[WORK TO BE COMPLETED]
Take the entries that follow and return only the lines from the one with "a samurai cat tattoo design idea" through the final line, leaving every picture behind.

Image-caption web data:
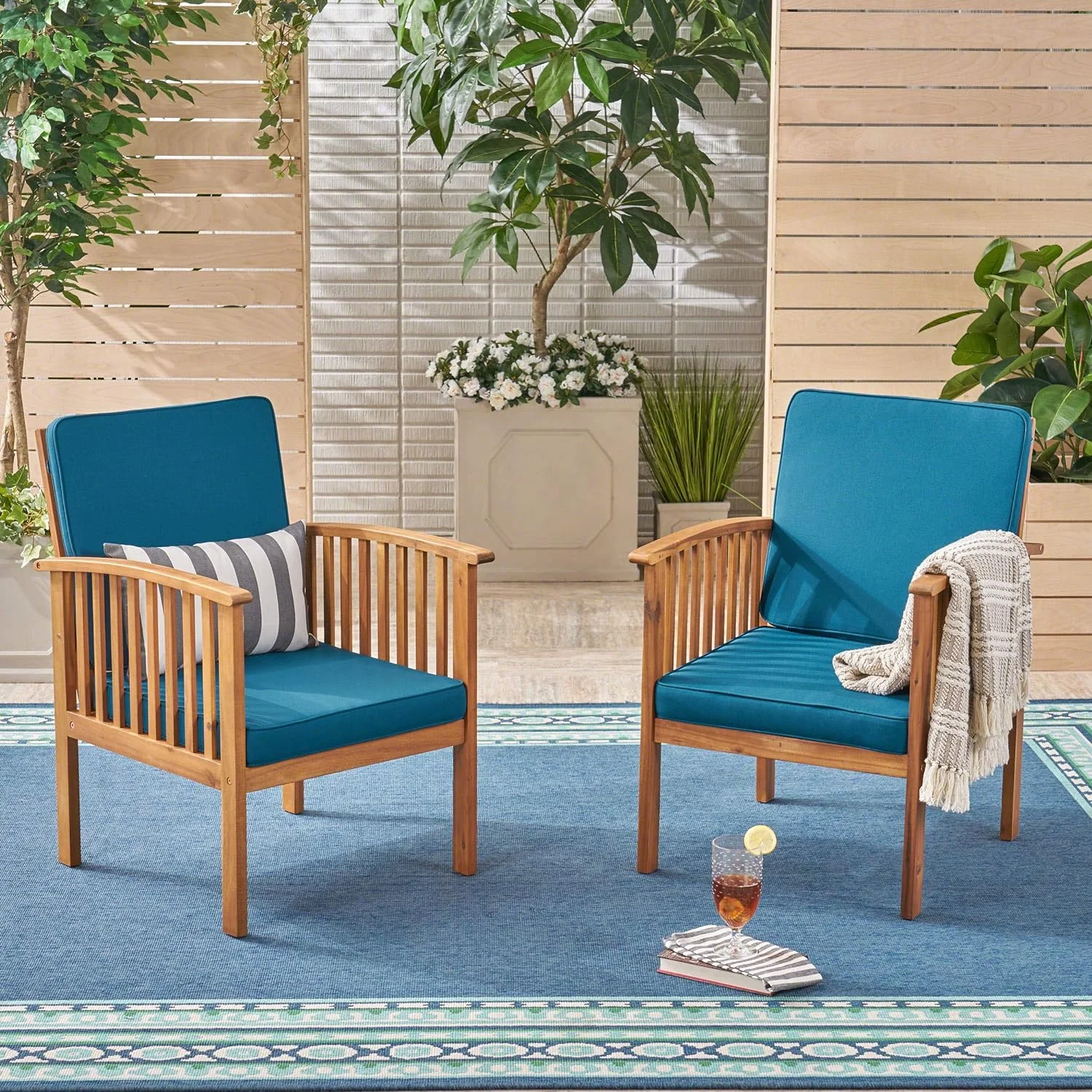 Ray Acacia Outdoor Acacia Wood Club Chairs, Brown And Dark Teal (Set Of 2)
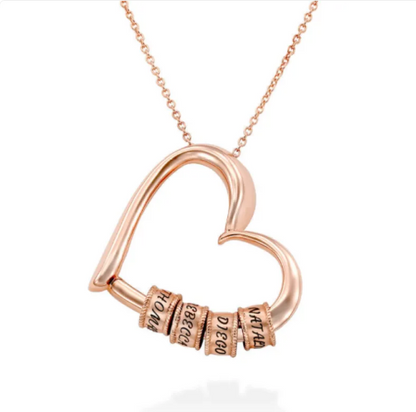 Collana con cuore personalizzata con opzione di allegare anelli e incisioni di nomi personalizzati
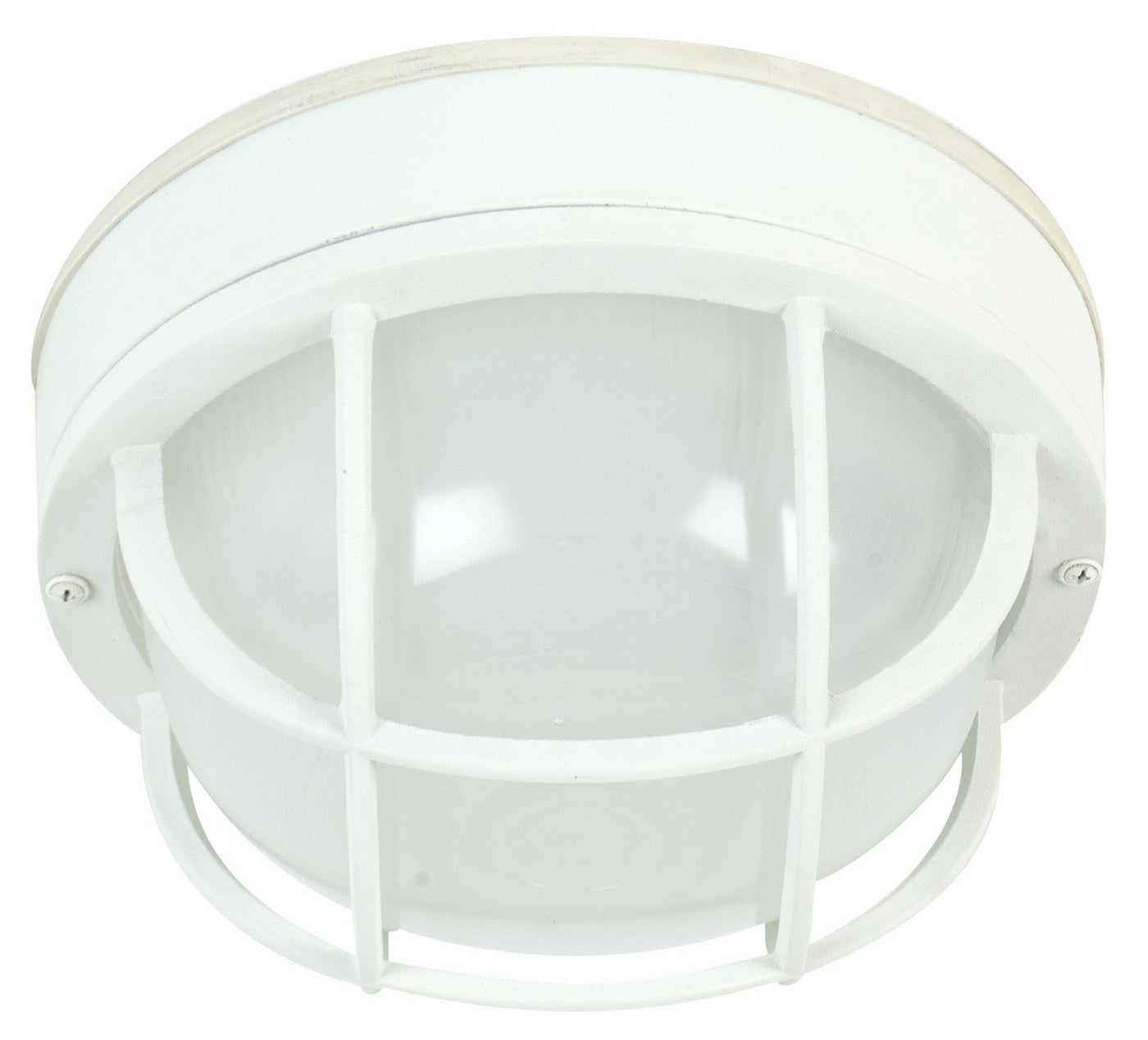 ##Antique Hardware## Round Bulkhead 1 Light Large Flush/Wall Mount in Textured White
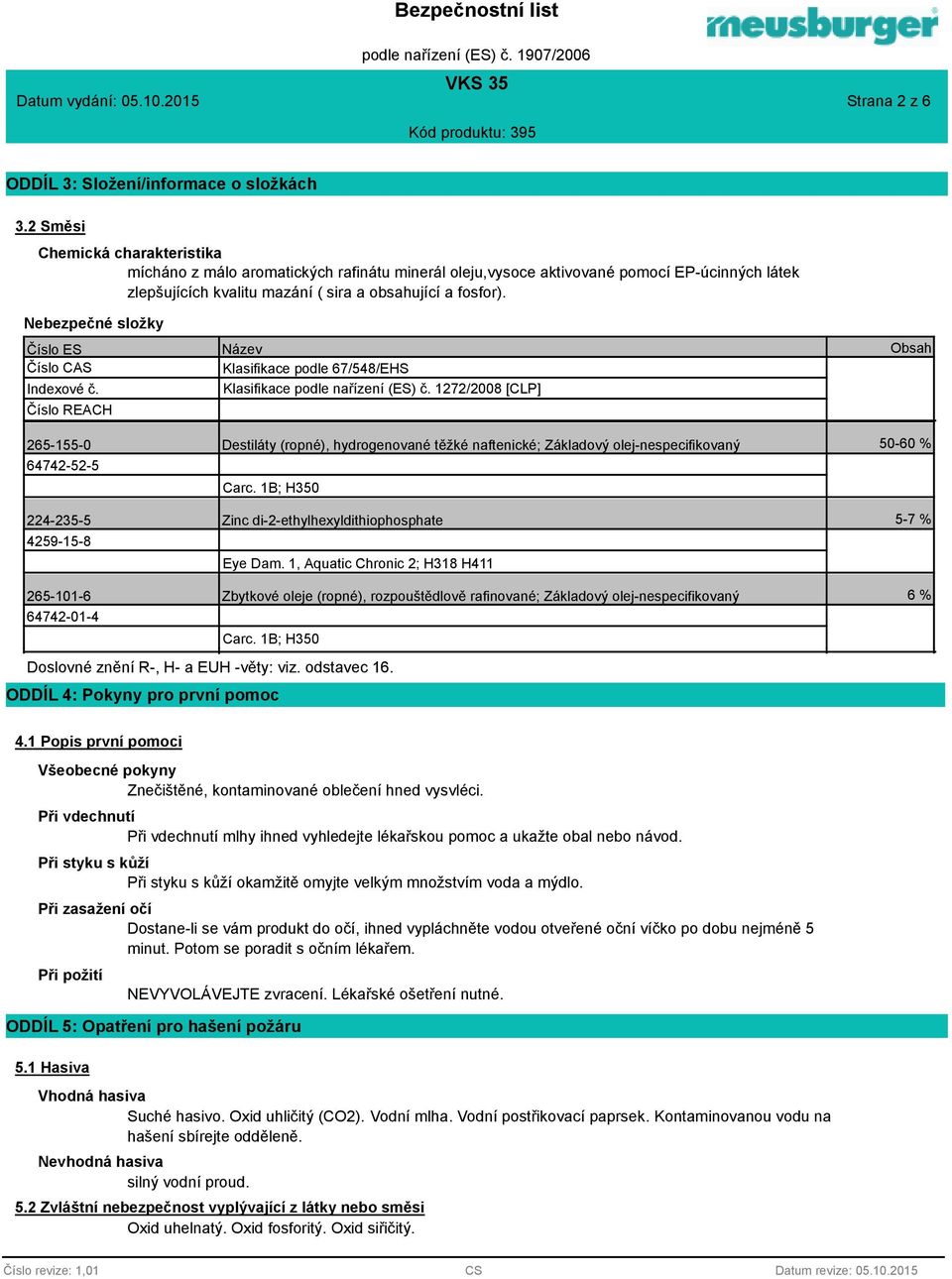 Nebezpečné složky Číslo ES Číslo CAS Indexové č. Číslo REACH 265-155-0 64742-52-5 224-235-5 4259-15-8 Název Klasifikace podle 67/548/EHS Klasifikace podle nařízení (ES) č.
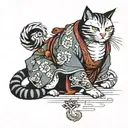a samurai cat tattoo design idea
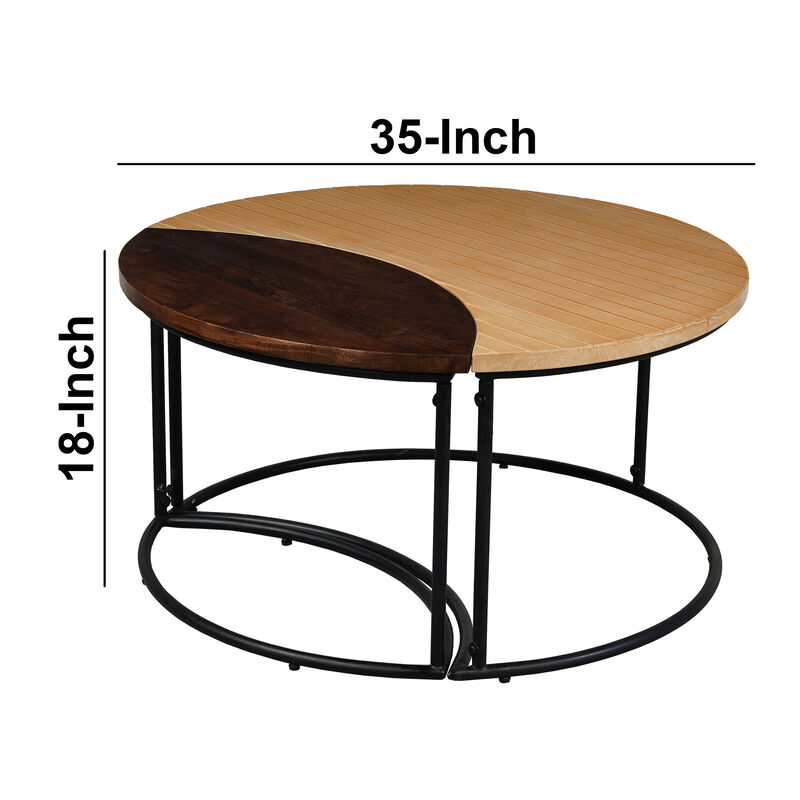 35 Inch 2 Piece Coffee Table with Black Iron Frame, 2 Tone Mango Wood Top In Natural Brown and Walnut - Benzara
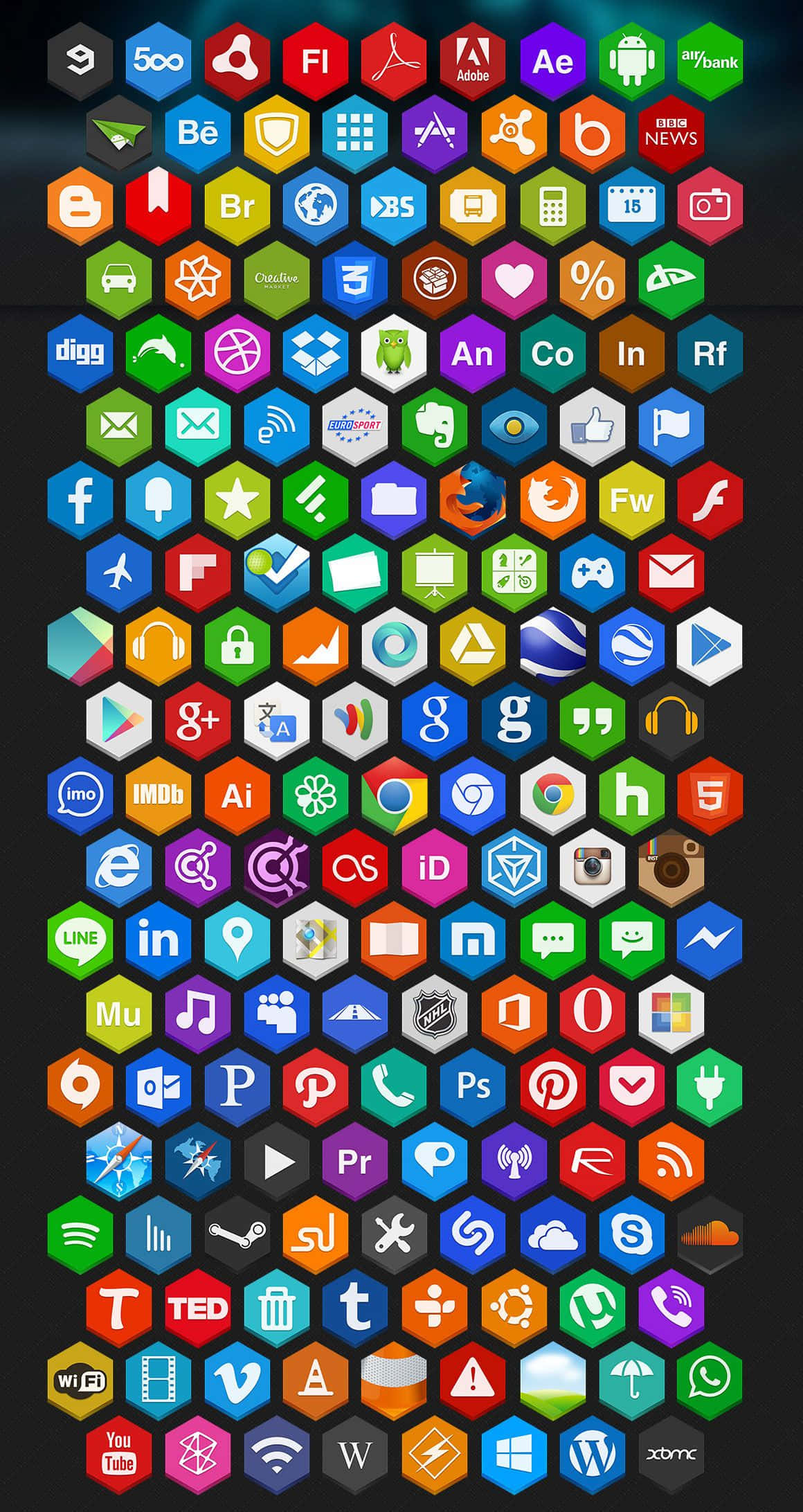 A Large Collection Of Colorful Icons On A Black Background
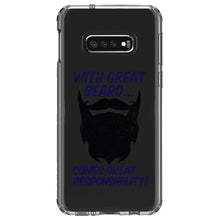 DistinctInk® Clear Shockproof Hybrid Case for Apple iPhone / Samsung Galaxy / Google Pixel - With Great Beard Comes Great Responsibility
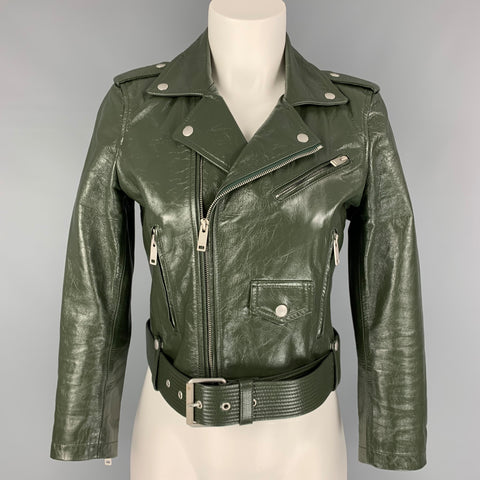 GIVENCHY Chaqueta motera de piel de becerro de cuero verde talla 4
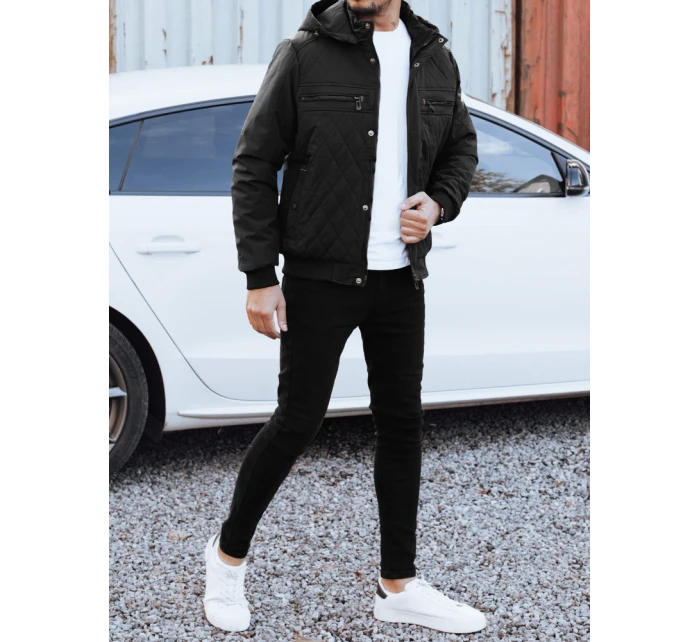 Pánská přechodná prošívaná bunda s kapucí černá FashionStreet TX5037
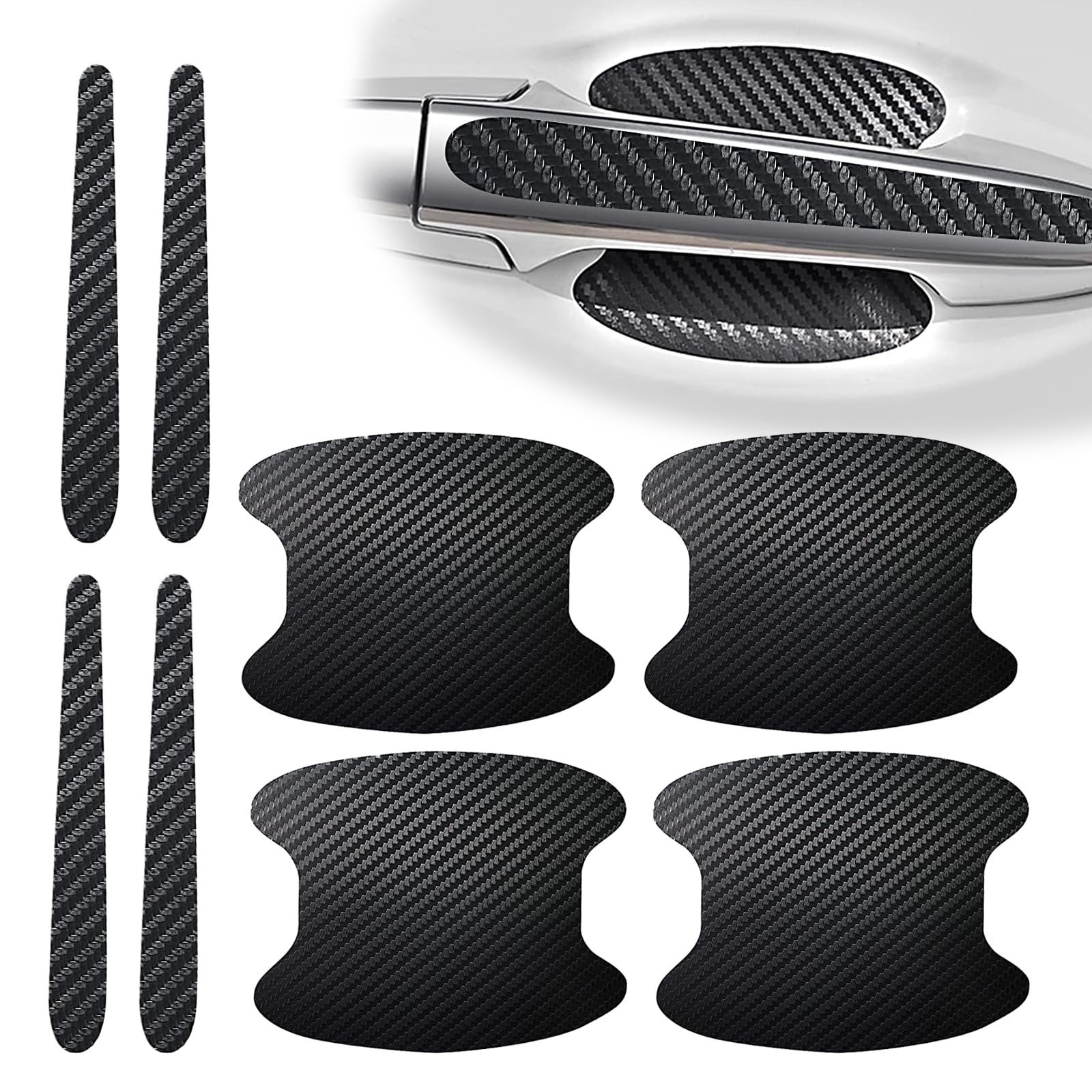 gunhunt 8 PCS Door Handle Scratch Protectors, Carbon Fiber Handle Cover Anti …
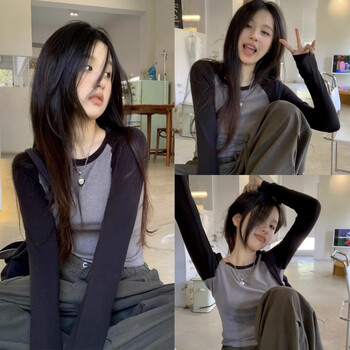 Yu zhaolin long-sleeved right shoulder t-shirt contrasting color 2024 spring autumn winter new style inner threaded cotton inner base layer tops for women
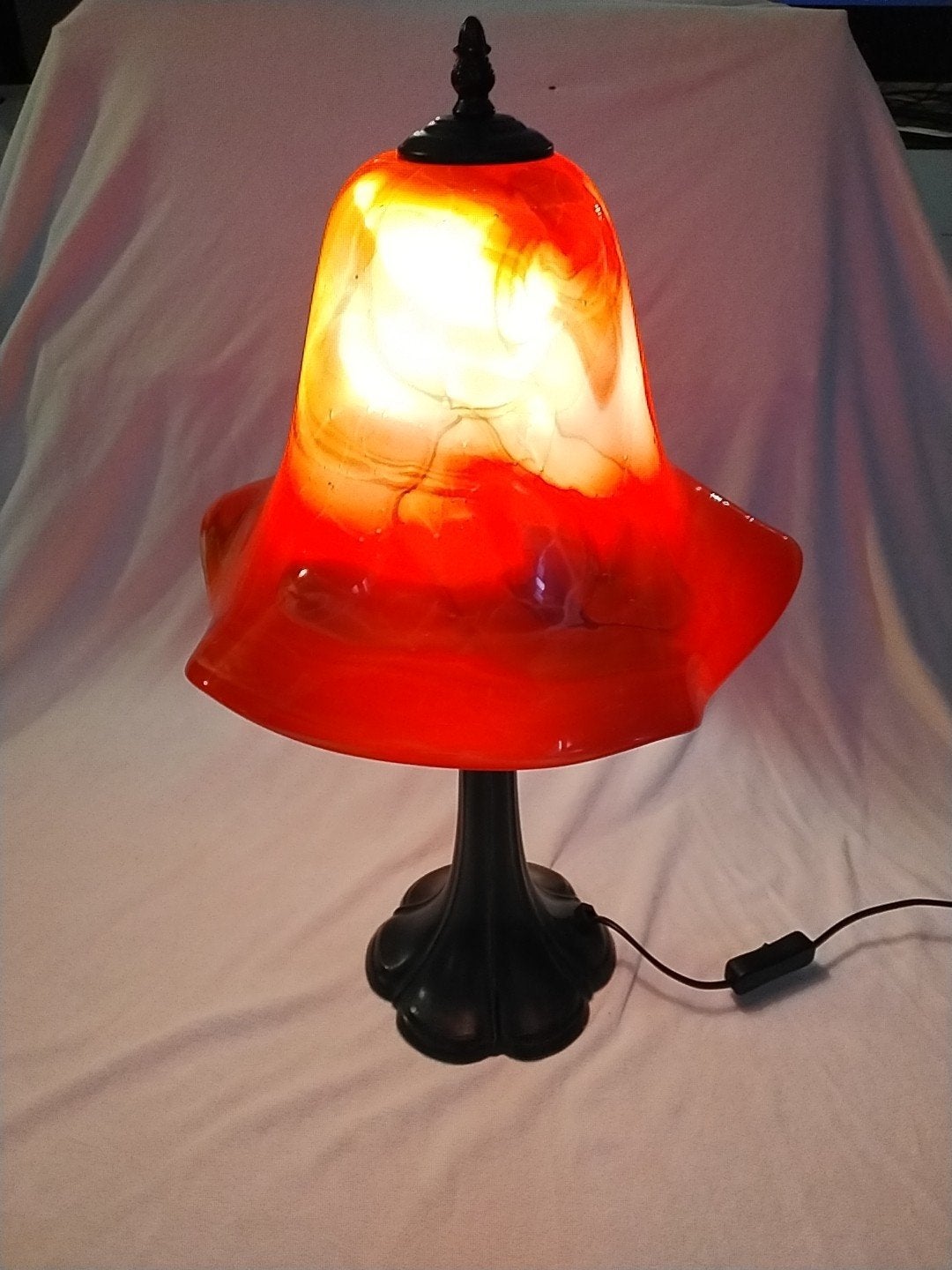 Art Deco Tafellamp met Rood Glas, Antiek en Kunst, Ophalen of Verzenden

[RESULT OF THE TASK]
a samurai cat tattoo design idea
 35 Inch 2 Piece Coffee Table with Black Iron Frame, 2 Tone Mango Wood Top In Natural Brown and Walnut - Benzara
 A Large Collection Of Colorful Icons On A Black Background
 DistinctInk® Clear Shockproof Hybrid Case for Apple iPhone / Samsung Galaxy / Google Pixel - With Great Beard Comes Great Responsibility
 GIVENCHY Chaqueta motera de piel de becerro de cuero verde talla 4
 Pánská přechodná prošívaná bunda s kapucí černá FashionStreet TX5037
 gunhunt 8 PCS Door Handle Scratch Protectors, Carbon Fiber Handle Cover Anti …
 Yu zhaolin long-sleeved right shoulder t-shirt contrasting color 2024 spring autumn winter new style inner threaded cotton inner base layer tops for women
 Art Deco Tafellamp met Rood Glas, Antiek en Kunst, Ophalen of Verzenden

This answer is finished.